CEO, British Library
‘We need a conversation’
Libraries worldwide are finding it difficult to plan their futures in a rapidly changing environment. Powerful economic, social and technological forces, most of them hard or impossible for us to influence, press down remorselessly.
For major research libraries like the National Library of Wales the future is both digital and analogue. As the gap between the number of our physical and online readers grows ever wider, it is important that a national library remain relevant by offering its readers the information they want.

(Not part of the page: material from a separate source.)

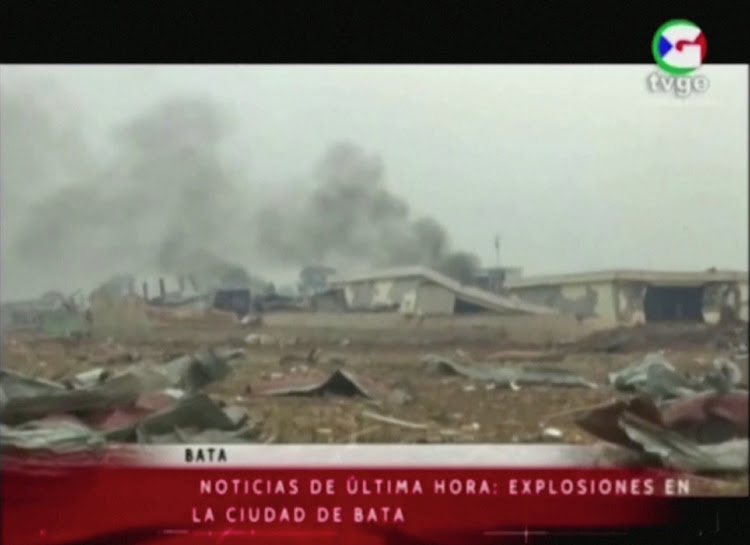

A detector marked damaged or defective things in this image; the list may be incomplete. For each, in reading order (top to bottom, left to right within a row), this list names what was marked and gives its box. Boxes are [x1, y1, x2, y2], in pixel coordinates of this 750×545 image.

damaged building [320, 264, 556, 314]
damaged building [506, 270, 750, 326]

We badly need a conversation on the way forward for libraries, and it's both timely and welcome that JISC is starting its communications theme on this very issue.
Andrew Green
Librarian,
National Library of Wales
Advocacy role
Research libraries have a very exciting future. The traditional corpus of print materials will continue to be of critical importance to scholarship but data management and curation will be an essential part of the future of the research library. It does require a more exciting skill set, and we'll be working with staff to develop that.
I think we also recognise that librarians have a key advocacy role to play in demonstrating the importance and value that they can bring to researchers.
I hope this Libraries of the Future debate will not only be good for advocacy but will also provide an informed strategic framework for libraries to engage with and to possibly set a clear set of partnership agendas, so that bodies like RLUK can work proactively with other organisations, including JISC.
Anne Poulson
Executive Director,
Research Libraries UK
Transforming the landscape
Until recently academic libraries operated within a stable, print dominant environment. Their brand as a key and trusted player in the information supply chain was unchallenged and users had little choice but to visit the library in order to access what were scarce resources. The introduction of the World Wide Web, the rapid and ongoing development of digital technologies, and new market entrants have swept away the old order, transforming the landscape beyond recognition.
These changes have brought significant advantages. Users can now access many information resources via their computer, regardless of time and place. Academic libraries can now deliver new services never previously contemplated. They bring significant challenges too, for example the
concern that instant access has led to students not always recognising the need to be discriminating when presented with resources of varied provenance.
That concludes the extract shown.